Une contribution d’Ali Akika – La politique des deux poids, deux mesures est appliquée quand la victime ne peut pas rendre la monnaie de la pièce à l’agresseur. Mais si celui-ci est inconscient ou stupide et s’amuse à l’employer dans le domaine de la dissuasion nucléaire, il risque de payer lourdement son inconscience. Le présent article a pour but, sur la base de la doctrine américaine de la dissuasion et de déclarations publiques d’officiels américains, d’esquisser un regard de «la philosophie» américaine consistant à jouer à un poker bien à eux d’où ils sortiraient toujours gagnants. Cette «philosophie» a un énorme trou dans la raquette car elle table ou investit sur une supposée supériorité de l’intelligence stratégique des dirigeants chez qui on trouve pêle-mêle l’arrogance de la puissance, l’outil de la menace et de la peur qui neutraliseraient l’adversaire. Ultime trouvaille, mener une guerre par procuration pour l’affaiblir jusqu’à le désarmer.
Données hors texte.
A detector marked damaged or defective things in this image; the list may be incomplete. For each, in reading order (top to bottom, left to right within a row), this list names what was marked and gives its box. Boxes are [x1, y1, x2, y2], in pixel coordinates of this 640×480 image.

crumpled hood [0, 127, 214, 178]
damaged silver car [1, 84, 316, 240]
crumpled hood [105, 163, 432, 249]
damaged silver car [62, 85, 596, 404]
Cette «philosophie» nourrit ainsi la stratégie de dissuasion américaine que l’on retrouve dans leur doctrine depuis 1945 quand les Etats-Unis ont utilisé la première fois la bombe atomique. Mais face à un adversaire possédant la même arme de destruction, le désarmer et lui faire signer sa capitulation fait partie dorénavant du fantasme. Car gagner une guerre sans la faire concerne les armes conventionnelles, une des recommandations de Sun Tzu qui n’est plus d’actualité car l’adversaire détient le même pouvoir de destruction. On voit mal un pays sur le point de se faire effacer de la terre hésiter une seconde à expédier son ennemi dans le trou noir de l’Univers qui est l’endroit où ne pénètre pas la lumière et où n’entend pas le tic-tac du temps, c’est-à-dire le néant.
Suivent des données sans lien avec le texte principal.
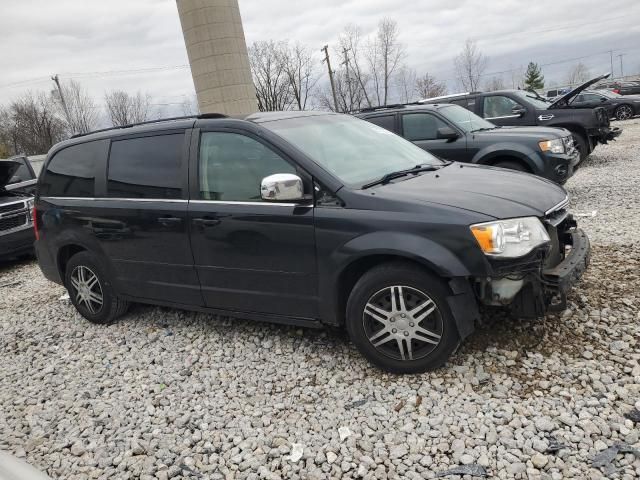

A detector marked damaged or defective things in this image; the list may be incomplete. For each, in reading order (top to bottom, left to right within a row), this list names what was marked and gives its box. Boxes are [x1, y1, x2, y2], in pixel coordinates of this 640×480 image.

second damaged vehicle [35, 111, 592, 372]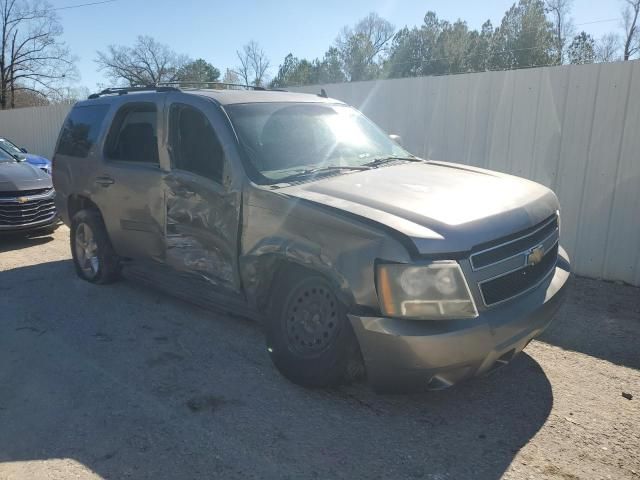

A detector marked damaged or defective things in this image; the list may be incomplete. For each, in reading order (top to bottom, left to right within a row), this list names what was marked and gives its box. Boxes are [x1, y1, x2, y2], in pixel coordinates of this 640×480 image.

damaged gray suv [51, 86, 568, 392]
Par les temps qui courent, ledit fantasme a peu de chance d’être opératoire. La guerre en Ukraine prouve que le délicat et complexe problème de l’utilisation de l’arme nucléaire est loin de se résoudre par le biais du jeu du poker. Heureusement pour le monde que l’utilisation du nucléaire n’est pas entre les mains des vieux et indécrottables prétentieux pour qui le monde se divise entre les bons et les méchants. Bien entendu, pour ces petits rêveurs, les comportements, les envies, la vision des choses sont du côté de leurs maîtres (1), censés appliquer le droit avec justesse et utiliser la rationalité avec intelligence. Bref, rien de nouveau à l’Ouest (Occident) sinon les fatigants blablas d’«analystes» qui souffrent de l’enflure du nombril…
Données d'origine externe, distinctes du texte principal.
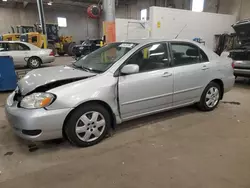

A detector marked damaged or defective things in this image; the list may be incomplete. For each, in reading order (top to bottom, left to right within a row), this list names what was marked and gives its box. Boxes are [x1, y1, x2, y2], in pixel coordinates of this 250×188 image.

damaged headlight area [20, 92, 55, 108]
exposed wheel arch [63, 100, 116, 140]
Voyons comment s’est instauré un dialogue entre les Etats-Unis et la Russie à l’ombre de l’arme nucléaire. On se rappelle la phrase de Lloyd Austin, ministre américain de la Défense, où il affirma que l’objectif des Etats-Unis est d’affaiblir la Russie. Une phrase lourde de sens qui, pour les habituels «experts», passa presque inaperçue comme si c’était dans l’ordre naturel des choses. Il en est de même du rêveur éveillé d’un Lech Walesa (2) sur TF1 où il déclara qu’il faut démembrer la Russie en une multitude de mini-Etats. Ce genre de déclarations n’est pas passé inaperçu, en revanche, en Russie. Le président Poutine a attendu le moment propice pour répondre au message du ministre américain, «la Russie a tous les moyens pour se défendre». Ce dialogue par-dessus l’immensité de leurs pays respectifs, dans l’atmosphère d’une guerre de très haute intensité, l’Américain et le Russe échangèrent d’une façon sibylline sur les buts et les moyens de «leur» guerre. L’Américain avait limité le périmètre et les moyens de sa guerre. Pour lui, l’Ukraine serait le cimetière de l’armée russe pour qu’elle n’embête plus ses voisins. Le Russe, «nous avons les moyens de nous défendre». Le message du président russe était limpide en direction des Etats-Unis, en clair nos armes ne sont pas des jouets au pied d’un sapin de Noël…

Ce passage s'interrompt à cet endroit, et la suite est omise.